Amar y cuidar toda la vida humana

Mons. Julián López    Queridos diocesanos: 

El día 26 de marzo, solemnidad este año de la Anunciación del Señor al caer el 25 en domingo de Cuaresma, dedicaremos nuestra oración y otros actos a la promoción y defensa de la vida humana. Dos noticias recientes, sin conexión aparente entre sí, me mueven a compartir esta reflexión. La primera noticia, del día 2 de marzo, se refería a la “indignación mundial” provocada por un artículo publicado por dos filósofos italianos defendiendo que no hay diferencia entre un feto y un recién nacido y justificando, por tanto, lo que llaman “aborto postparto” y que podría estar permitido en los mismos supuestos en que lo está el aborto o cuando el nacido presenta anomalías graves, y en este caso sería también una forma eutanasia.

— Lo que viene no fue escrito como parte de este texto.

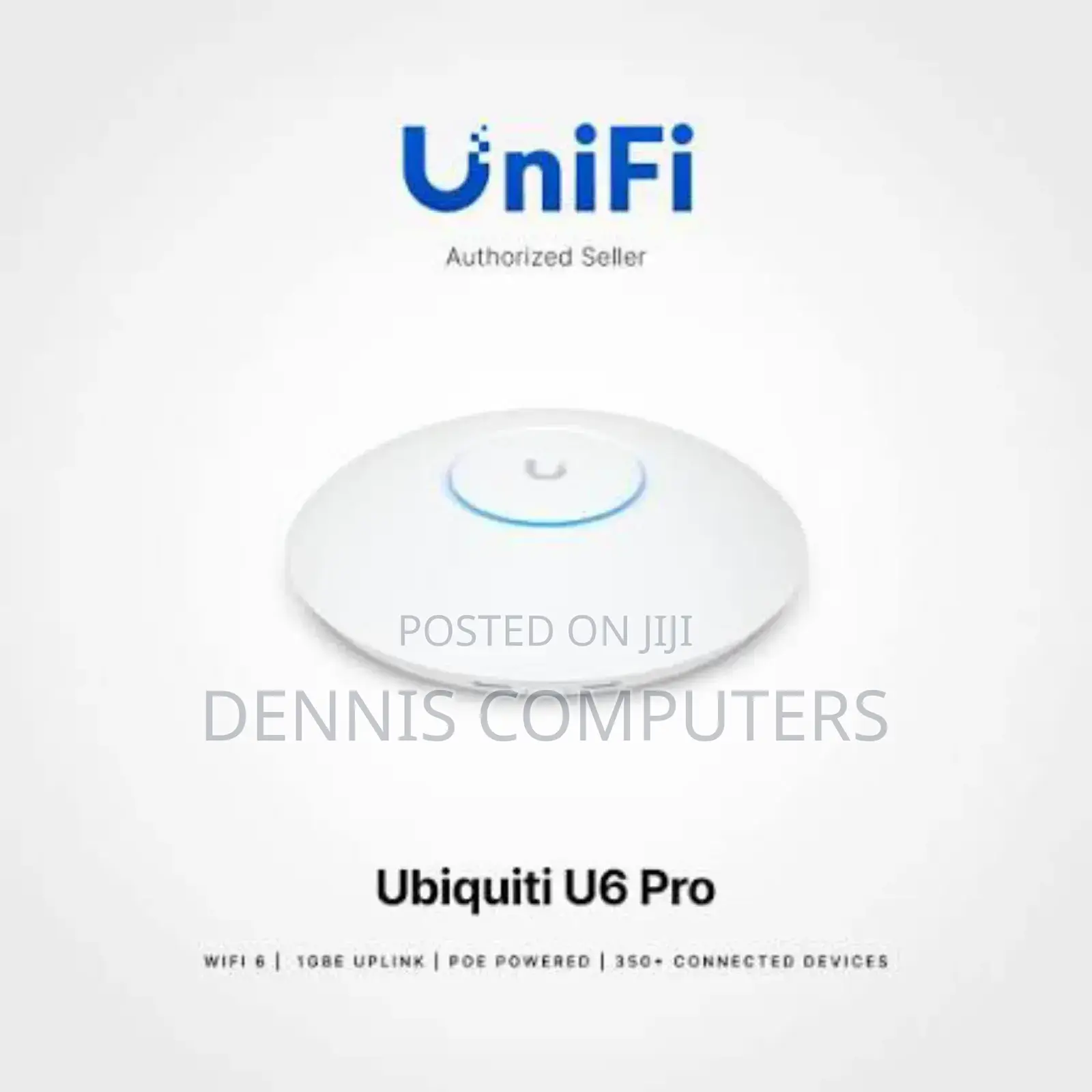 Ubiquiti U6-Pro Access Point Wi-Fi,6,Pro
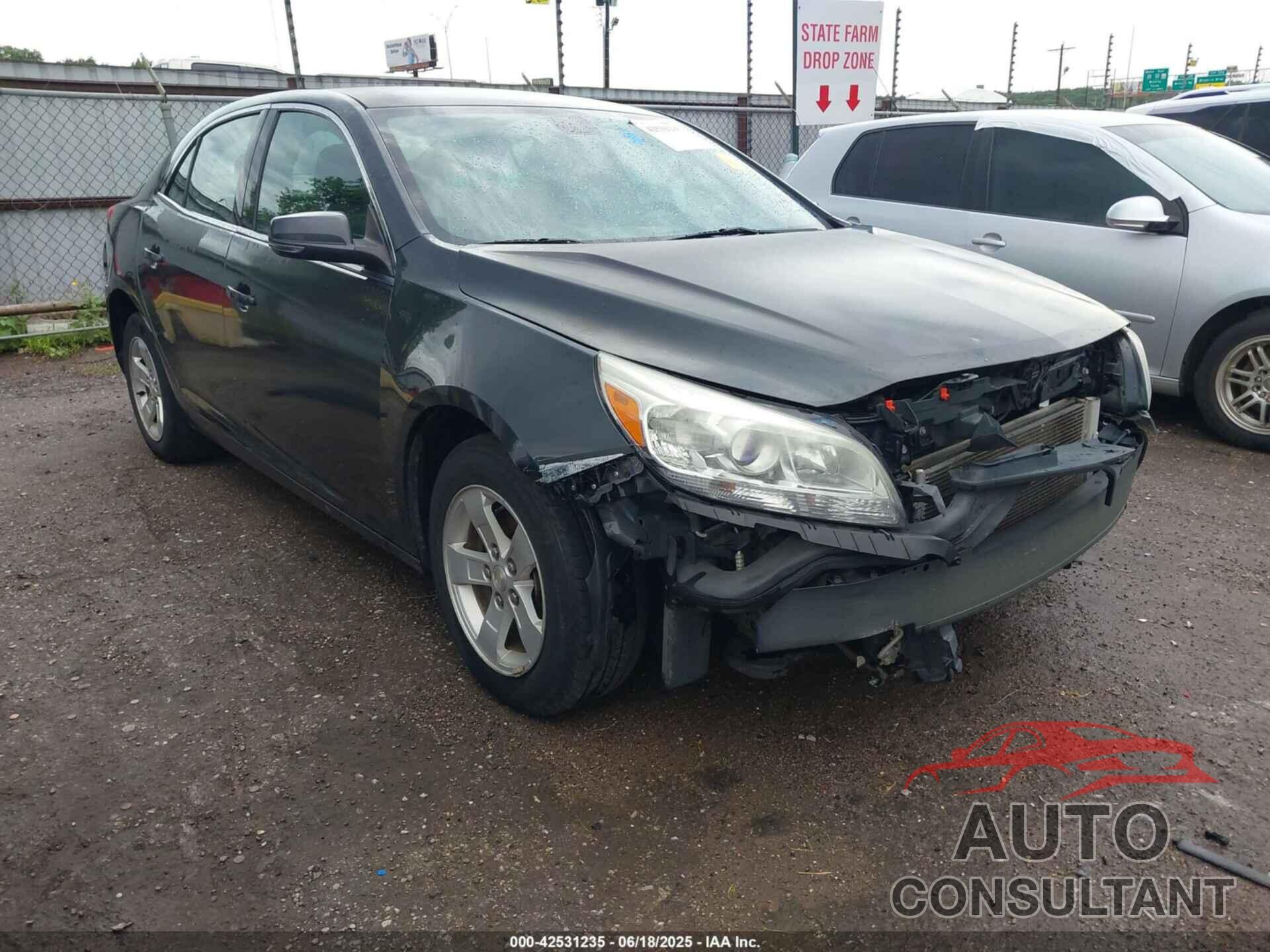 CHEVROLET MALIBU LIMITED 2016 - 1G11C5SA9GU157634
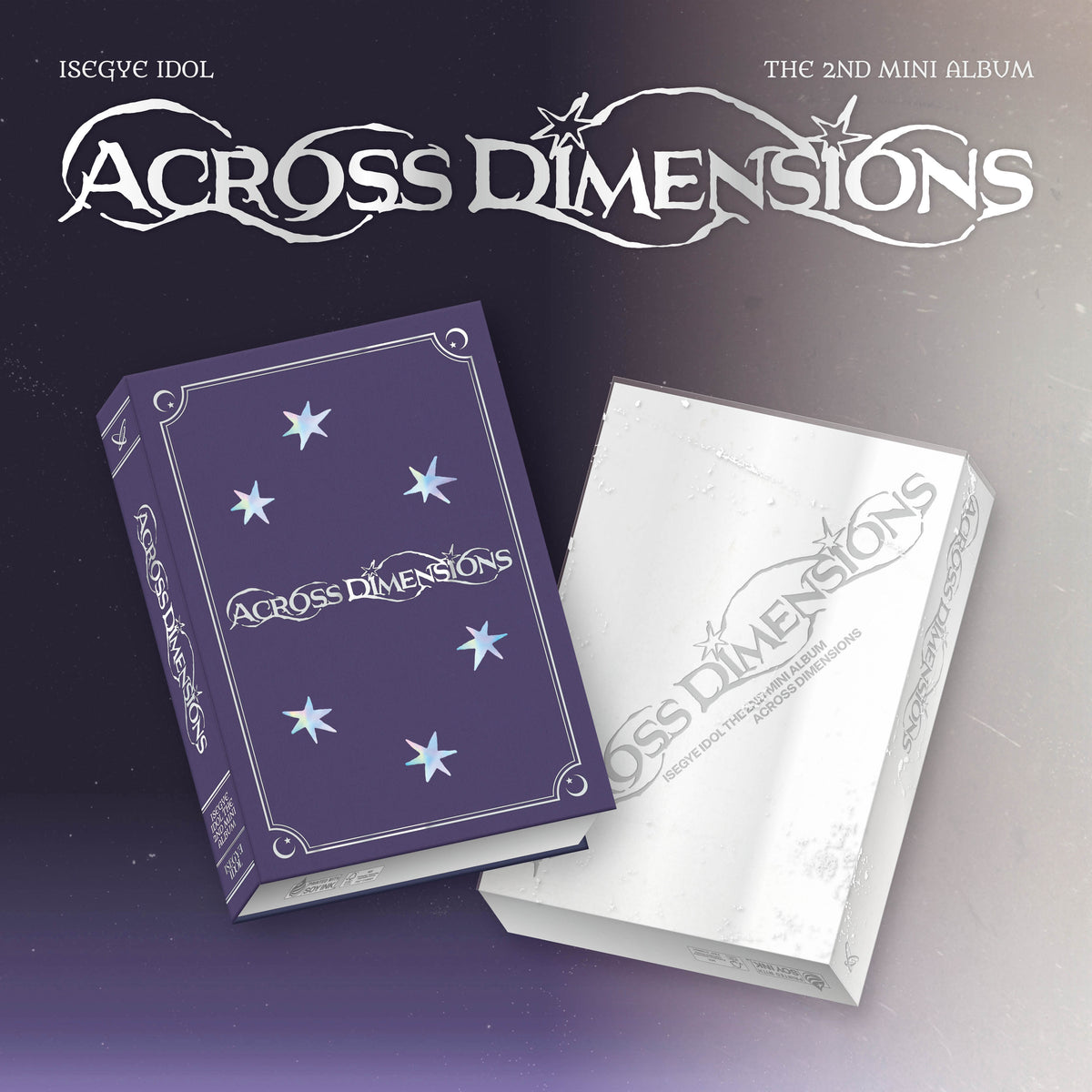 이세계아이돌 (ISEGYE IDOL) - The 2nd Mini Album [Across Dimensions] (STAR ver. / RACE ver.)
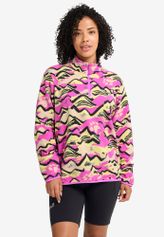 Jack Wolfskin PAW ERA 100 Print Half Zip W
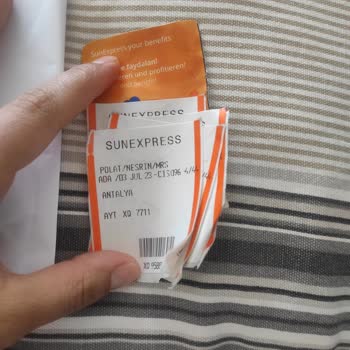 SunExpress Hava Yolları Ekstra Bagaj Ücreti Ödemesi
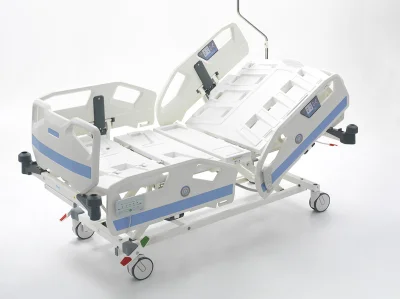 Nitrocare Four Motors Intensive Care Electrical Patient Bed (Lowbed)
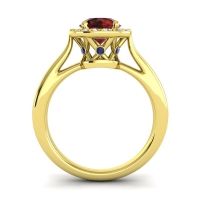 Cathedarl Halo Dana Ring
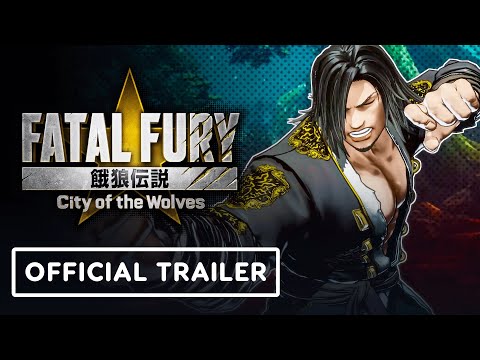 Fatal Fury: City of the Wolves - Official Gato Gameplay Trailer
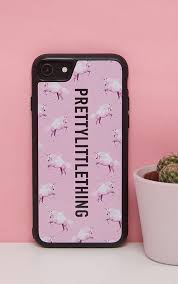 If you've got the jet black iphone 7, don't let it lose its luster with a case. Prettylittlething Unicorn Pink 7 Iphone Case Prettylittlething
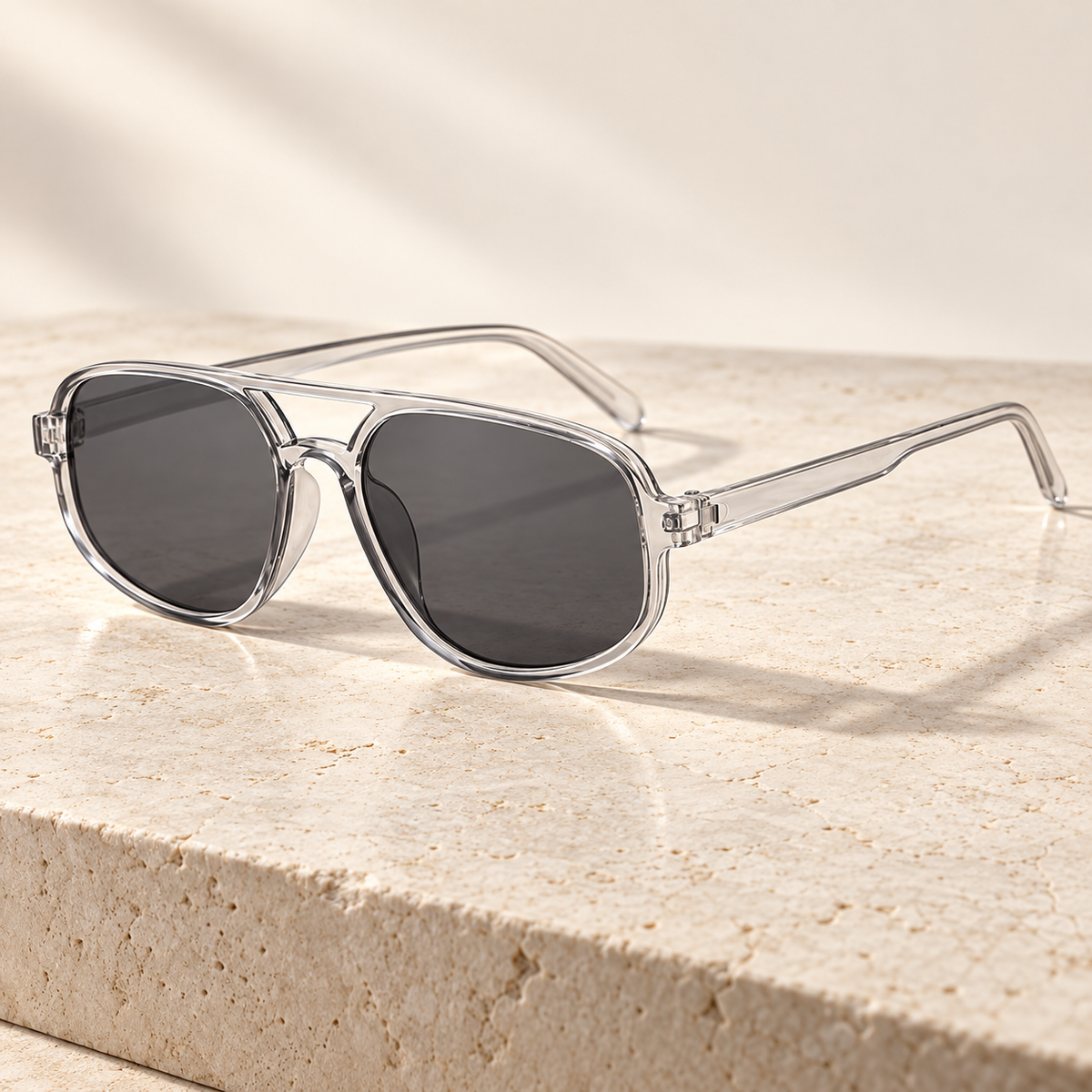 Cavaro Double-Bridge Aviator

La segunda noticia, el día 8, lamentaba que no se haya podido revelar lo que distingue al hombre de los simios, una vez que se ha logrado descifrar el genoma del gorila, el único gran simio del que se desconocía la secuencia de cromosomas. En ambas noticias veo hay una coincidencia de fondo. Es esa especie de obsesión por ignorar la esencia de la vida humana, aquello por lo que el ser humano es persona y sujeto de derechos, el primero de los cuales es la vida misma. 

La primera noticia ha producido gran escándalo porque lo que han llamado “aborto post parto” es un infanticidio y, sin embargo, abre camino a la idea de que no todo ser humano es persona sino cuando este alcanza un umbral de autonomía, autoconsciencia, etc. Esto es un ejemplo de hacia dónde conducen los planteamientos que no reconocen que hay vida humana desde la concepción y por tanto un nuevo ser personal con derecho a vivir. Los que se han escandalizado ante el infanticidio deberían rechazar también todo aborto procurado del no nacido incluso dentro de las primeras semanas señaladas por algunas leyes. ¿O es que el feto de pocas semanas no tiene categoría de ser humano ni tiene derecho a vivir? ¿Es que cambia la naturaleza de la vida humana por el hecho de estar dentro o fuera del claustro materno, o de tener más o menos semanas de gestación? Establecer plazos para el aborto, lo mismo que poner en cuestión el derecho a vivir del recién nacido que padece un grave daño cerebral -como sucede también con el anciano que padece degeneración cerebral-, es un terrible engaño y una excusa para acabar impunemente con un ser humano. 

La segunda noticia, en cambio, tiene un aspecto positivo, porque deja abierto precisamente el “misterio” de la persona. En efecto, en el ser humano hay algo más que ADN, de manera que la ciencia genética no tiene la respuesta a lo que nos distingue como personas. 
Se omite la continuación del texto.